START Given data

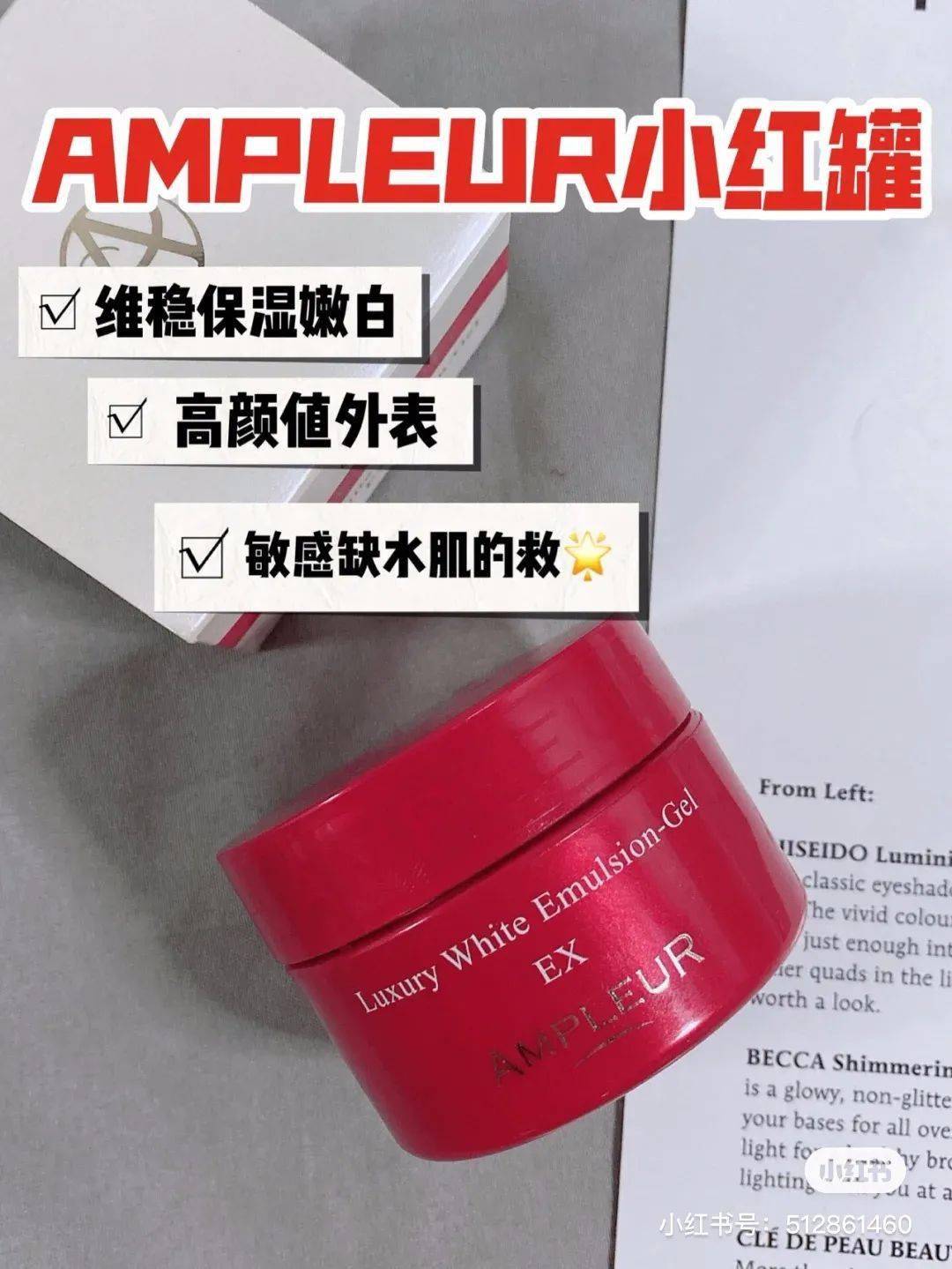 活动|来捡漏!日本贵妇品牌卖出白菜价!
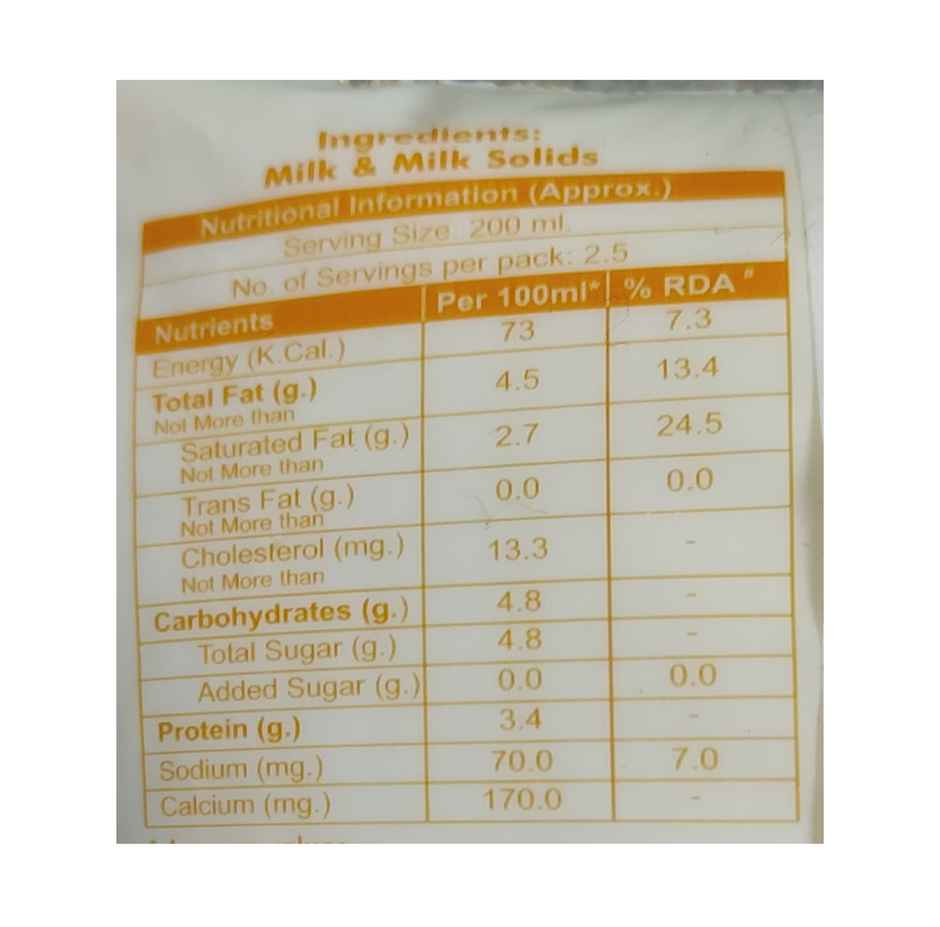 Aavin Gold Fresh Milk | Pouch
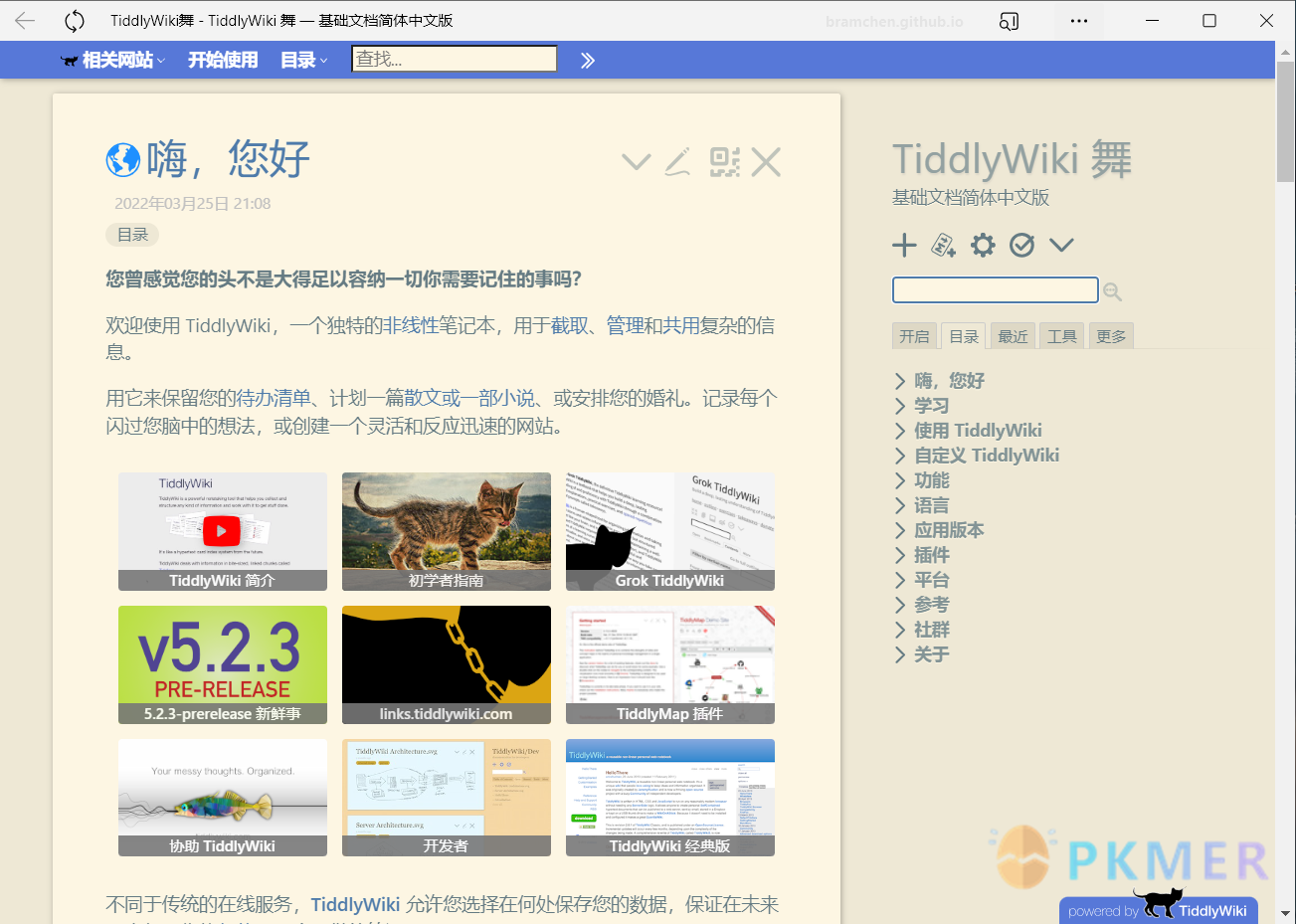 TiddyWiki 简易指南--五、帮助与更多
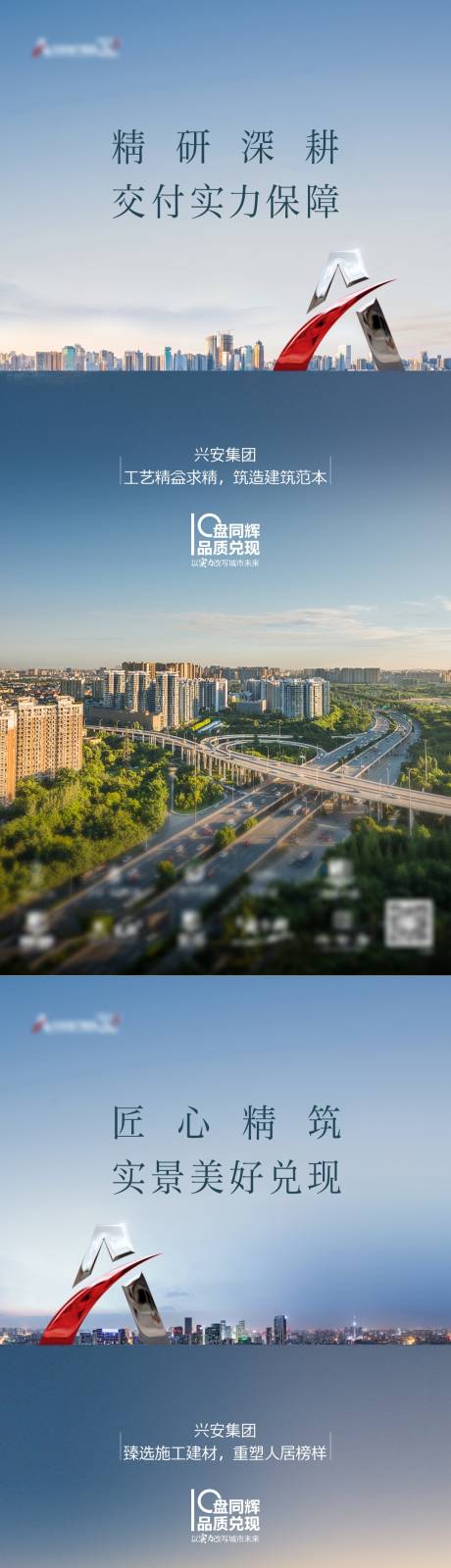 源文件下载【地产价值点海报】编号：96290023314719264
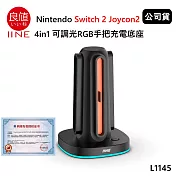 良值 Nintendo Switch 2 Joycon2 4in1 可調光RGB手把充電底座 (公司貨) L1145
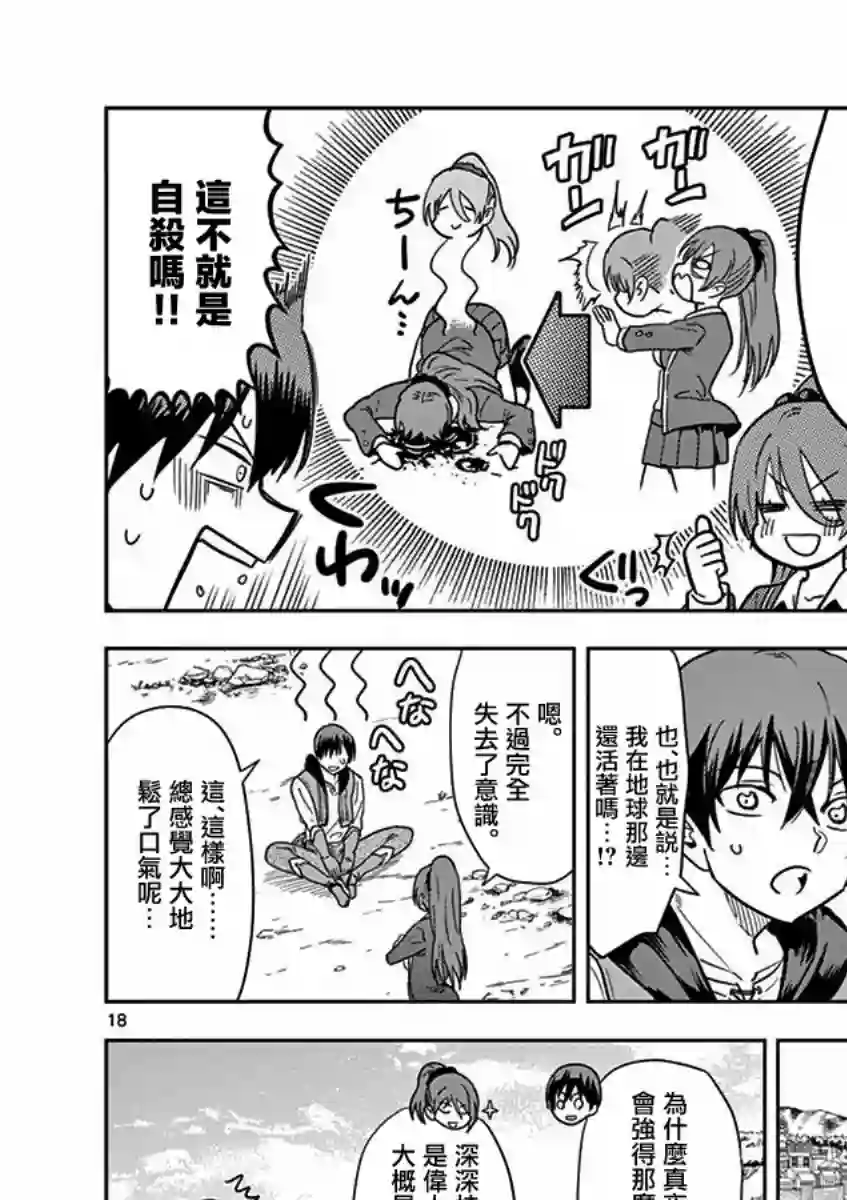 异世界一击无双姐姐~姐同伴异世界生活开启第02话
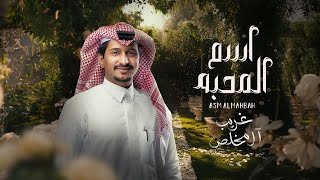 غريب ال مخلص - اسم المحبه (حصرياً) | 2024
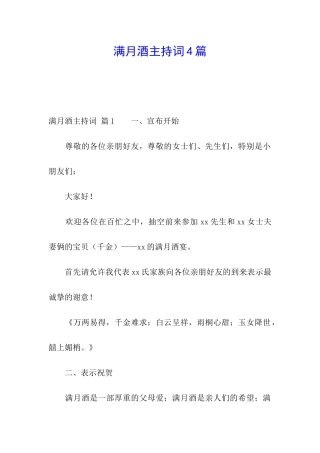 满月酒主持词4篇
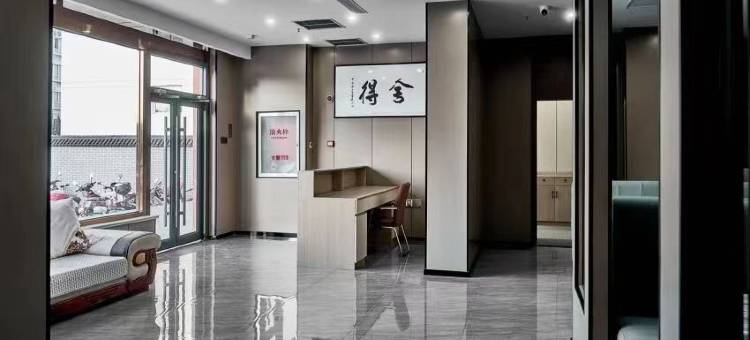 昔阳悦华商务酒店图片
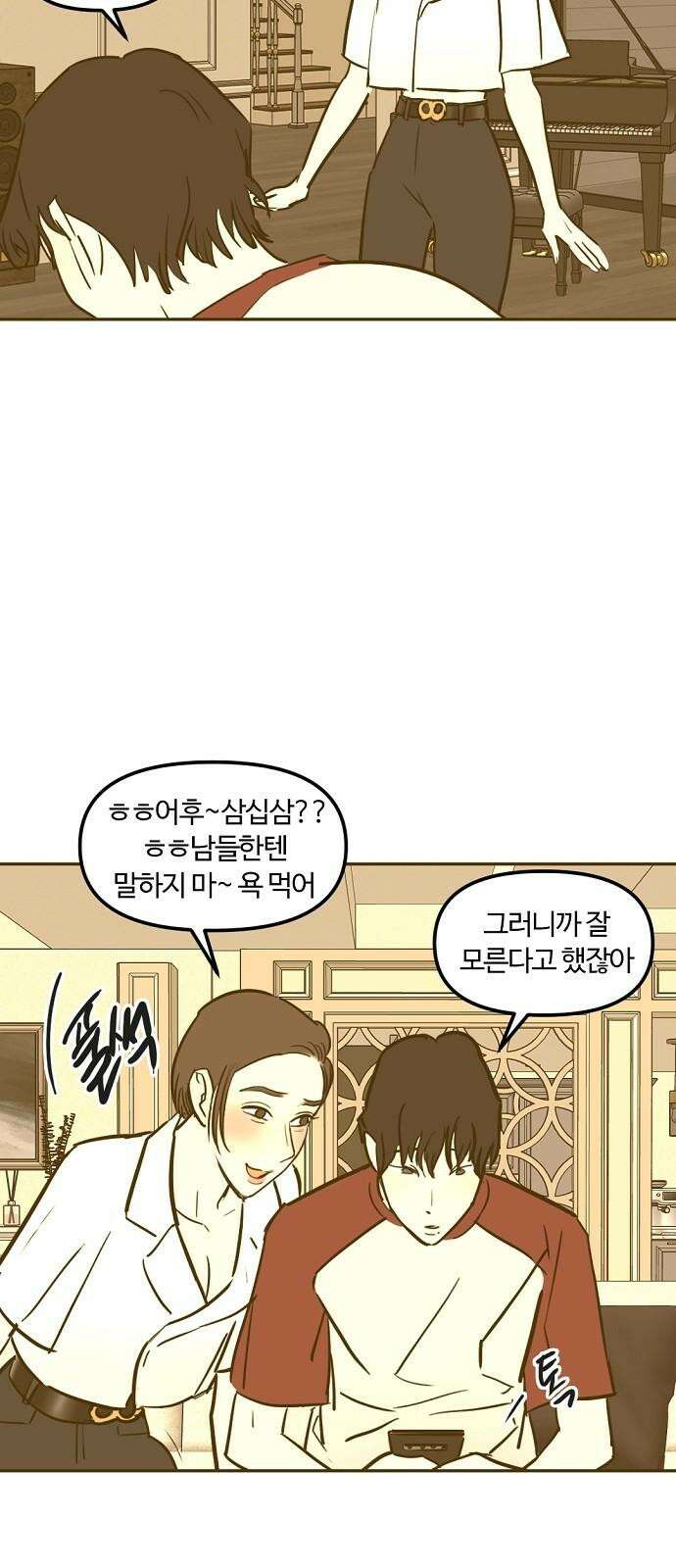 랑데뷰 126화 알파 가족(2) 22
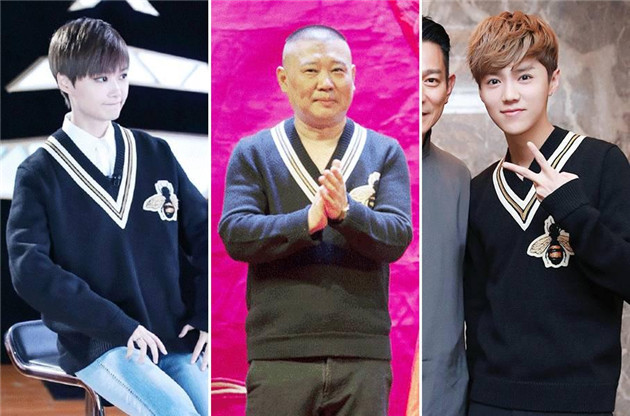 撞衫王源?!你能想到的大牌郭德纲都穿过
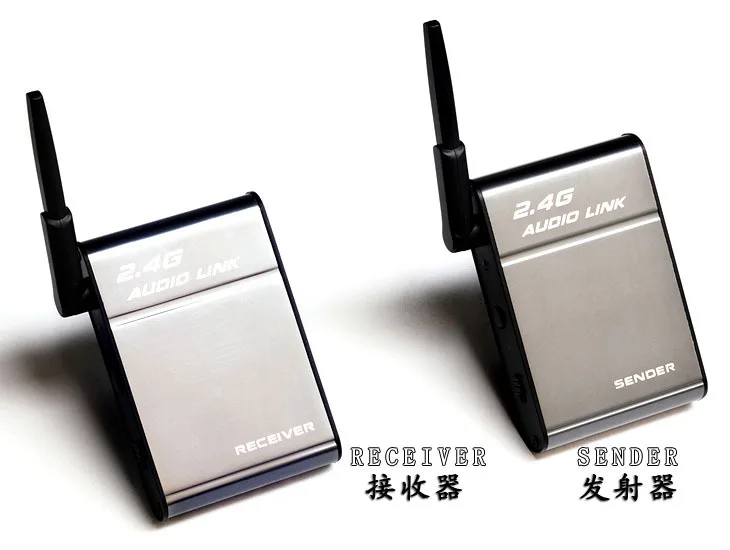 wireless audio transmitter and receiver for speakers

END Given data

Aim of the task:
Would you transcribe exactly, and only, the lines from the one containing "랑데뷰 126화 알파 가족(2) 22" through the last line of the records above, both included, leaving out the pictures?

Answer to the problem:
 랑데뷰 126화 알파 가족(2) 22
 撞衫王源?!你能想到的大牌郭德纲都穿过
 wireless audio transmitter and receiver for speakers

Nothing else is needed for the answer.